Im Graben selbst: die Grundmauern jenes Gebäudes, in dem die lebenslange Haft des Abenteurers Franz Freiherr von der Trenck 1749 nach kaum drei Jahren endete. Heute ist das, was vom wilden Pandurenoberst blieb, in der Brünner Kapuzinergruft zu besichtigen. Die kann zwar nicht mit gekrönten Häuptern in opulenten Zinnsärgen aufwarten, dafür aber mit etlichen gut luftgetrockneten Mumien Brünner Lokalgrößen.

Die beiden mehr oder minder in deutscher Sprache verfassten Stadtführer haben noch mehrere Besuchstipps dieser Art parat: Gelegenheiten für kleine, oftmals beklemmende, dann wieder kuriose Zeitreisen in die Geschichte. Die krumme Fiale am gotischen Portal des alten Rathauses, mit der Meister Anton Pilgram den Geiz der Ratsherren angeprangert haben soll. Das Krokodil, das gleich in der dahinterliegenden Toreinfahrt von der Decke baumelt – vermutlich ein Geschenk, das König Matthias 1608 von einer türkischen Gesandtschaft bekam und kurzerhand der Stadt Brünn überließ. Das Kaufhaus „Centrum“ aus den Zwanzigerjahren, das eigentlich ein Wolkenkratzer mit 23 Stockwerken hätte werden sollen – und das dann doch nur bis zur siebenten Etage wachsen durfte, denn die Anrainer fürchteten, ihre Häuser würden durch den Riesenbau zu sehr beschattet.

Von der Brünner Gegenwart wird man ohnehin auf Straßen und Plätzen rasch wieder eingeholt. Etwa wenn an einer Straßenecke zwei stämmige Herren in schwarzen Lederjacken eine Gruppe von Glücksspielern auseinanderscheuchen. Das seien wohl „schwarze Soldaten“ gewesen, meint die Lehrerin Jana später, Mitglieder einer jener privaten Schutzorganisationen, die derzeit nicht nur in Brünn florieren; denn der regulären Polizei vertraut niemand mehr.

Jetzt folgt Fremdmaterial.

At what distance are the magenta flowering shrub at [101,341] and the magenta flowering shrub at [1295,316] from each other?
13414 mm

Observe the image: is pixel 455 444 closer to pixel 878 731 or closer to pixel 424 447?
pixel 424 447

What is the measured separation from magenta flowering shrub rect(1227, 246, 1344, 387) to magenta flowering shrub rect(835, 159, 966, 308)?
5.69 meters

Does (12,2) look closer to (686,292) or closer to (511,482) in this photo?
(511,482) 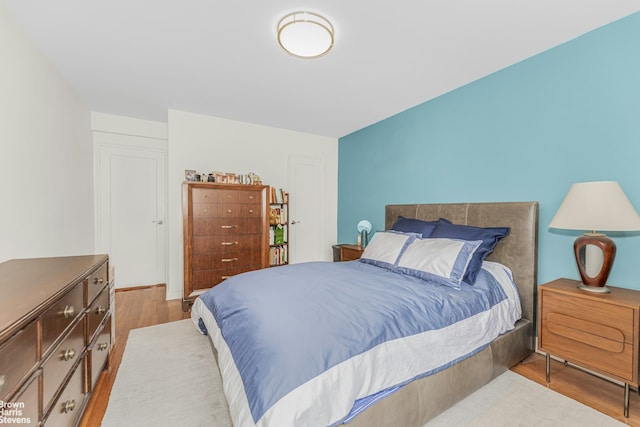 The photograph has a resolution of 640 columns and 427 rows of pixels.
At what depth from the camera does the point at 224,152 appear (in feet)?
12.6

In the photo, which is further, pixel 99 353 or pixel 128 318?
pixel 128 318

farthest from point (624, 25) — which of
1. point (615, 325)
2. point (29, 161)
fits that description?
point (29, 161)

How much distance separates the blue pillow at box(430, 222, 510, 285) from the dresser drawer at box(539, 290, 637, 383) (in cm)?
44

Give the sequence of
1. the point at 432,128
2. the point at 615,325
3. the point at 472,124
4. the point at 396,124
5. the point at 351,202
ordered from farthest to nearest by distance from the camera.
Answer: the point at 351,202
the point at 396,124
the point at 432,128
the point at 472,124
the point at 615,325

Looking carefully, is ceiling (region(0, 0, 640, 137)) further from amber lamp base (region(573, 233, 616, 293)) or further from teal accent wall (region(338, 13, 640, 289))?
amber lamp base (region(573, 233, 616, 293))

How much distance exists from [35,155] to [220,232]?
67.7 inches

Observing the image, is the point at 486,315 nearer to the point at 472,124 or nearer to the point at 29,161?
the point at 472,124

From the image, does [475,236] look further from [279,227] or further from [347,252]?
[279,227]

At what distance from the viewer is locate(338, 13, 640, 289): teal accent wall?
1.86m

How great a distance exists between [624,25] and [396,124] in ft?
6.72

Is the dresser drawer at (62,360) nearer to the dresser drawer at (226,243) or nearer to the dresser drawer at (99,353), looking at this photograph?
the dresser drawer at (99,353)

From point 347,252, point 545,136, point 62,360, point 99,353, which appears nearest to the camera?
point 62,360

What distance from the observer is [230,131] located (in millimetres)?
3863

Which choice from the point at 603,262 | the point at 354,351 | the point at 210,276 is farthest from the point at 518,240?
the point at 210,276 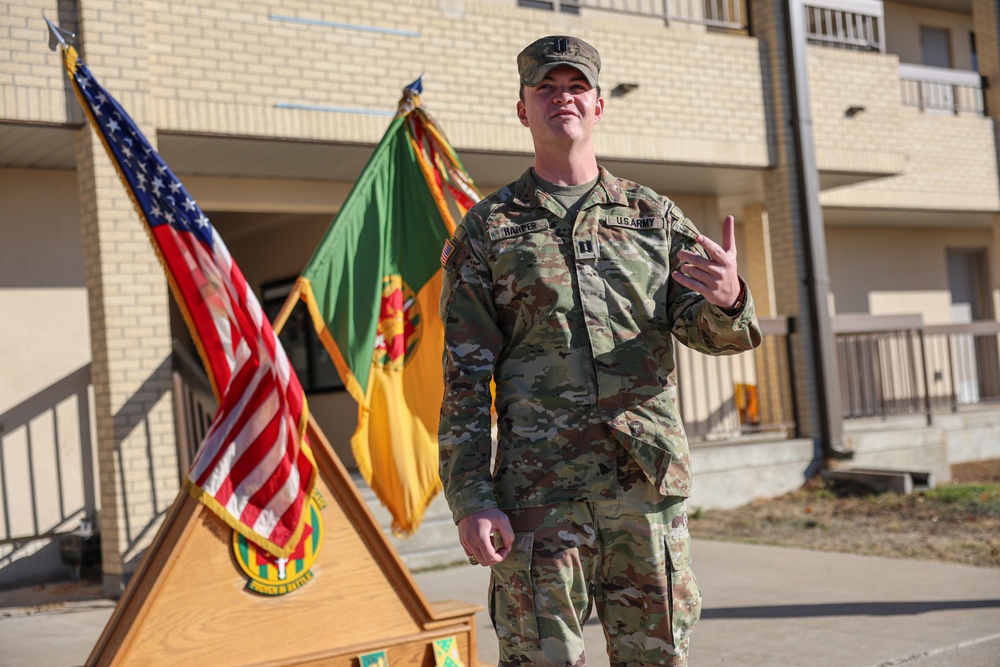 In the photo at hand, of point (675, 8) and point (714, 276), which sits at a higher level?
point (675, 8)

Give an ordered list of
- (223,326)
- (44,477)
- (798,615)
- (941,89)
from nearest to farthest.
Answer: (223,326)
(798,615)
(44,477)
(941,89)

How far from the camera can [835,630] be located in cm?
572

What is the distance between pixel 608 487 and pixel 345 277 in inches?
141

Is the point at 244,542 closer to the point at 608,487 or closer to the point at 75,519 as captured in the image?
the point at 608,487

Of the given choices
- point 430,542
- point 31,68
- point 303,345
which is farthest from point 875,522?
point 31,68

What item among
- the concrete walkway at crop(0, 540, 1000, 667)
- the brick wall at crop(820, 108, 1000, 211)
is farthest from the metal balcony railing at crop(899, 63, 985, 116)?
the concrete walkway at crop(0, 540, 1000, 667)

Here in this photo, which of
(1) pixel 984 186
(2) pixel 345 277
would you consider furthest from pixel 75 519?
(1) pixel 984 186

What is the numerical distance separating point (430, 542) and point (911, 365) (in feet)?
23.3

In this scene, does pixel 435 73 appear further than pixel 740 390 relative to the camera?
No

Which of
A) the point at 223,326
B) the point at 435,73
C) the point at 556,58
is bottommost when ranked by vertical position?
the point at 223,326

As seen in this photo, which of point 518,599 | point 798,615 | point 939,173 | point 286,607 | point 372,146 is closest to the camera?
point 518,599

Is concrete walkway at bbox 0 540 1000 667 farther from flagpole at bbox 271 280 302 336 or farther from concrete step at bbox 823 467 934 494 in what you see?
concrete step at bbox 823 467 934 494

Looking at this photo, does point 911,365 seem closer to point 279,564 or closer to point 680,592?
point 279,564

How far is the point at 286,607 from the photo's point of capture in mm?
4305
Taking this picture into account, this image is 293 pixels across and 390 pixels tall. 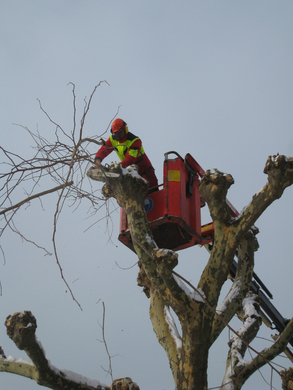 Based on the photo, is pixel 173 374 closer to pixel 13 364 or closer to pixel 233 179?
pixel 13 364

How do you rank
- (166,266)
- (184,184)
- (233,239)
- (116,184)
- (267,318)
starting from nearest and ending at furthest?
1. (166,266)
2. (233,239)
3. (116,184)
4. (184,184)
5. (267,318)

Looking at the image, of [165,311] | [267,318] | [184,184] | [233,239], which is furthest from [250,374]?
[267,318]

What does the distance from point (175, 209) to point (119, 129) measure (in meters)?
1.46

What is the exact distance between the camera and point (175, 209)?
4477 millimetres

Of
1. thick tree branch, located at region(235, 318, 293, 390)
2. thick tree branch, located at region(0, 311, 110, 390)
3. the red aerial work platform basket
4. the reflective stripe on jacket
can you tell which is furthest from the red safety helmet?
thick tree branch, located at region(235, 318, 293, 390)

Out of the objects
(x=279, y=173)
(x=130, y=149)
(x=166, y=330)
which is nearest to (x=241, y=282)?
(x=166, y=330)

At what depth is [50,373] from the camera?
10.8ft

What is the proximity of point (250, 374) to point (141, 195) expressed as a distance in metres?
2.20

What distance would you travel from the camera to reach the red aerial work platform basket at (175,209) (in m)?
4.50

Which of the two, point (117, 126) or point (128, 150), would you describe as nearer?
point (128, 150)

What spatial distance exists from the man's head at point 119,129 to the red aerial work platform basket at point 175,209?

Auch Janas Bruder arbeitet als „schwarzer Soldat“: „Ein guter Nebenverdienst für junge Männer“, meint sie. Mit Militarismus, Law-and-Order-Mentalität oder Rechtsradikalismus habe das nichts zu tun. Auch nationalistische Spannungen gäbe es in Brünn kaum. Sieht man von den beständigen Auseinandersetzungen mit den Zigeunern ab. Die ganze Sache mit der Trennung, die sei – „auf halbem Wege zwischen Prag und der Slowakei“ – halb so schlimm. Nur das Gefühl, in der Slowakei plötzlich selber „Ausländer“ zu sein, das will Jana nicht so recht in den Sinn: „Manche ausländische Freunde fragen mich, ob jetzt auch bei uns solche Zustände entstehen werden wie auf dem Balkan. Aber ich denke: Der Schwejk schießt nicht so schnell.“ Mag sein. Aber sind es junge Schweijks, die da auf dem Tisch mitten im Zentrum der Stadt Kampfanzüge und anderes soldatisches Zubehör feilbieten?

Die Straße als Kaufhaus. Immer wieder stößt man auf kleine Ansammlungen klappriger Marktstände, in denen ein buntes Durcheinander aus Spülmitteln, Kaffee, Jeans und Spielzeug umgesetzt wird. Jeder sein eigener Unternehmer: eine Art Bauchladenkapitalismus mit Dach über dem Kopf. Auf der Rampe eines monumentalen Amtsgebäudes offerieren zwei betagte Damen Schaumrollen und Strohblumen. Ein paar Schritte weiter hockt im dichten Strom der Passanten eine dick eingemummte Frau hinter einem kleinen Handwagen voller Illustrierter. Ihre ganz private rollende Trafik.

Vor der Infomationsstelle im Alten Rathaus lauert ein älterer Herr auf auskunftheischende Touristen und bietet Ansichtskarten an: „Neun Stück um nur 20 Kronen.“ Wenig später halte ich neun „Römisch-Katholische Kirchen in Brünn“ – offizieller Preis: 13 Kronen – in Händen: den mächtig über der Stadt thronenden St.-Peter-und-Pauls-Dom, die gotische St.-Jakobs-Kirche, die Maria-Himmelfahrt-Kirche nebst Augustiner-Kloster, in dem Johann Gregor Mendel die Vererbungsgesetze entdeckt hat – jeweils garniert mit Autos der Marken Škoda und Trabant. Erinnerungsstücke aus der Vergangenheit.

Und doch noch Brünner Gegenwart. Wie die langen Reihen Wartender vor den Supermärkten, die geduldig eines freiwerdenden Einkaufswagens harren. Wie das Löschblatt in dem Heftchen, das ich in einem düsteren Einkaufszentrum erstanden habe. Wie Packpapier und Schnur, mit denen flinke Verkäuferhände meine Bücher einwickeln.

Eine Reminiszenz an die Zeit vor der Plastiksackerl-Kultur. Anzeichen für Stagnation? Oder für ausgeprägtes Beharrungsvermögen?

Disparate Eindrücke bleiben zurück. Ein Besuch in Brünn als Begegnung mit einer unbekannten Altbekannten, Begegnung mit einer Stadt, die erst allmählich aus dem Koma vergangener Jahrzehnte zu erwachen scheint. Immer schön langsam. Wienerisch gesagt: „pomali“. Ein lautmalerisches Wort. Dem Tschechischen entlehnt.